> **Exercise**: In the material below, how many lines contain "Photo"? Answer with the number alone.

> **The input**:
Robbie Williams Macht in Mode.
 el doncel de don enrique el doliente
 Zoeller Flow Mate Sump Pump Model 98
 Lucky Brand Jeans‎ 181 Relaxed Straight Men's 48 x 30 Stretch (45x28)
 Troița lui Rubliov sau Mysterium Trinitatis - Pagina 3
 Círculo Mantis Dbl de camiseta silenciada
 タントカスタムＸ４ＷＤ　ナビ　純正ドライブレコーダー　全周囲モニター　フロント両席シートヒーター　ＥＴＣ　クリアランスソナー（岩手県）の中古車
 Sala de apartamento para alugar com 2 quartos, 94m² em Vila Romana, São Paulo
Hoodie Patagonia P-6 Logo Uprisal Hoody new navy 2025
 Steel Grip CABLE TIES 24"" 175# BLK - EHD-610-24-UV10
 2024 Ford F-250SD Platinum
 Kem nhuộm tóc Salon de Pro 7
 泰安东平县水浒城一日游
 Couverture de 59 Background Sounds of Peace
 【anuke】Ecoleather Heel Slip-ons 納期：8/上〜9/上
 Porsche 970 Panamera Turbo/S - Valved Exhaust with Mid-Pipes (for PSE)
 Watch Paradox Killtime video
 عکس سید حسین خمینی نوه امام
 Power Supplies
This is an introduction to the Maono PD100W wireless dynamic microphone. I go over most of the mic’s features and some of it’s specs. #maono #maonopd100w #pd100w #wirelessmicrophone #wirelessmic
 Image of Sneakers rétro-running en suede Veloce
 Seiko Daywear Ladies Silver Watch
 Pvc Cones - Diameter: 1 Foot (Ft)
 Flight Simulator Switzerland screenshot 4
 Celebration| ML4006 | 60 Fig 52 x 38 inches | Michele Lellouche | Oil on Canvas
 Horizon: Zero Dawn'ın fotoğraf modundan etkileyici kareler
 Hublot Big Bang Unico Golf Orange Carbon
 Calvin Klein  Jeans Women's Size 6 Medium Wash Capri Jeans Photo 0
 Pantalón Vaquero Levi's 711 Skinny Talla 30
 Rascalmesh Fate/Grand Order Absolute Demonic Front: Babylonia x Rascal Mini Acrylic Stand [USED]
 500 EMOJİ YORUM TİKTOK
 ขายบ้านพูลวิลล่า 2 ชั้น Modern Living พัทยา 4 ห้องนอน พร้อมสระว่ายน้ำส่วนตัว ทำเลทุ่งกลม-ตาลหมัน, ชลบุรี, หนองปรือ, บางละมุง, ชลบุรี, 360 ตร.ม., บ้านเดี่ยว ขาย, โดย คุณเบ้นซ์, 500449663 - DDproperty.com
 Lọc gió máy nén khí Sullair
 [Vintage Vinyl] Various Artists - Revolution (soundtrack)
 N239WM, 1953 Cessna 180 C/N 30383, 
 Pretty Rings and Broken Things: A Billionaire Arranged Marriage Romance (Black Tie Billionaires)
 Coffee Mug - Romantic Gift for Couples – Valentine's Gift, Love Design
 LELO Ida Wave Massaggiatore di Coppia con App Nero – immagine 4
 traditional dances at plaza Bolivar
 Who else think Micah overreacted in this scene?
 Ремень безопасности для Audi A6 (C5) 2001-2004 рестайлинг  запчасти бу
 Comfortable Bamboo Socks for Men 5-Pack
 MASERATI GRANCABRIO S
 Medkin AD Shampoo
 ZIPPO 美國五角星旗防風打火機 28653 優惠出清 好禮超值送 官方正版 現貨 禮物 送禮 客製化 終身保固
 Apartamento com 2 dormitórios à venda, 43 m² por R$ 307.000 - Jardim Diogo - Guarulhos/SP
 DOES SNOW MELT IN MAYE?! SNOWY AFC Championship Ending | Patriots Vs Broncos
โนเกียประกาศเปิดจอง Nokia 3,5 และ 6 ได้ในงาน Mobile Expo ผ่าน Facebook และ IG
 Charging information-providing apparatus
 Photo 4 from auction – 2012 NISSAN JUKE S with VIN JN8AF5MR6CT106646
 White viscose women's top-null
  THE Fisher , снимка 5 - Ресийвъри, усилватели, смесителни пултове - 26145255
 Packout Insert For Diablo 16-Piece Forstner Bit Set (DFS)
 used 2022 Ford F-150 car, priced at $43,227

> **Response**: 2